The Low Sun Angle Problem
Here's the physics. In summer, the sun sits high in the sky — roughly 60–70° above the horizon at midday in southern Australia. When the sun is directly overhead, it's not in your field of vision while driving. The visor on your car handles most of the rest.
In winter, the sun sits much lower — often 20–35° above the horizon even at midday. In the early morning and late afternoon (which is now basically 4pm), the sun drops below the visor line entirely. You're driving directly into it.

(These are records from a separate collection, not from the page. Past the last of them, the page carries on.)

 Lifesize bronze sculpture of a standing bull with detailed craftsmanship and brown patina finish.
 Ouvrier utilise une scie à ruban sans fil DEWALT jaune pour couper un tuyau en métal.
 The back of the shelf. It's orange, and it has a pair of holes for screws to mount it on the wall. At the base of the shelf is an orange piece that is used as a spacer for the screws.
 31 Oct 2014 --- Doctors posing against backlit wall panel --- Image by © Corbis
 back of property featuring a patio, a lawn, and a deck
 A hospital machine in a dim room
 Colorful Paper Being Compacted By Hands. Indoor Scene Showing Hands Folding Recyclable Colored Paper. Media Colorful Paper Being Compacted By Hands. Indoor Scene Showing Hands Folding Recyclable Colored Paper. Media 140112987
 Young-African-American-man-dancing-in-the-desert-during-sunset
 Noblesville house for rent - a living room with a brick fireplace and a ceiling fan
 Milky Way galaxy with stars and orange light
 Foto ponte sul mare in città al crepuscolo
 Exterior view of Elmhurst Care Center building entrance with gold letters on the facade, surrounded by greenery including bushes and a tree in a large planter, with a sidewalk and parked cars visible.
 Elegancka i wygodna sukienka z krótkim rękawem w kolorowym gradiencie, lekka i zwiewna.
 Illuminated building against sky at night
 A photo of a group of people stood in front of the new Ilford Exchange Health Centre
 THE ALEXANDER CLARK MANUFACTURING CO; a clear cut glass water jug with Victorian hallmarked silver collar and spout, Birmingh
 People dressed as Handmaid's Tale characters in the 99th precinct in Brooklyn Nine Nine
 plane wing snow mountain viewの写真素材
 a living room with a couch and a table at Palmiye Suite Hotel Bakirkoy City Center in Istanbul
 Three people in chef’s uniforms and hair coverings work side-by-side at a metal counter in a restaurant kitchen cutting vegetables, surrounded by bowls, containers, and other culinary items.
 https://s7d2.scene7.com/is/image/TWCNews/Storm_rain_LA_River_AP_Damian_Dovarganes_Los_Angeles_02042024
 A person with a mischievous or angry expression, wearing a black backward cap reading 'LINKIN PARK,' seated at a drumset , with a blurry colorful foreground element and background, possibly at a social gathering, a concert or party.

This low-angle sun does two things simultaneously:
- Direct glare — the sun shines straight into your eyes through the windscreen
- Reflected glare — the low angle bounces off the road surface, the bonnet, and other cars, creating horizontal glare that comes at you from multiple directions
This combination is significantly more visually fatiguing than high summer sun. It's also more dangerous — impaired visibility at road speeds is how accidents happen.
UV Doesn't Stop in Winter
There's a secondary issue that most people don't think about: UV radiation doesn't disappear when it gets cold.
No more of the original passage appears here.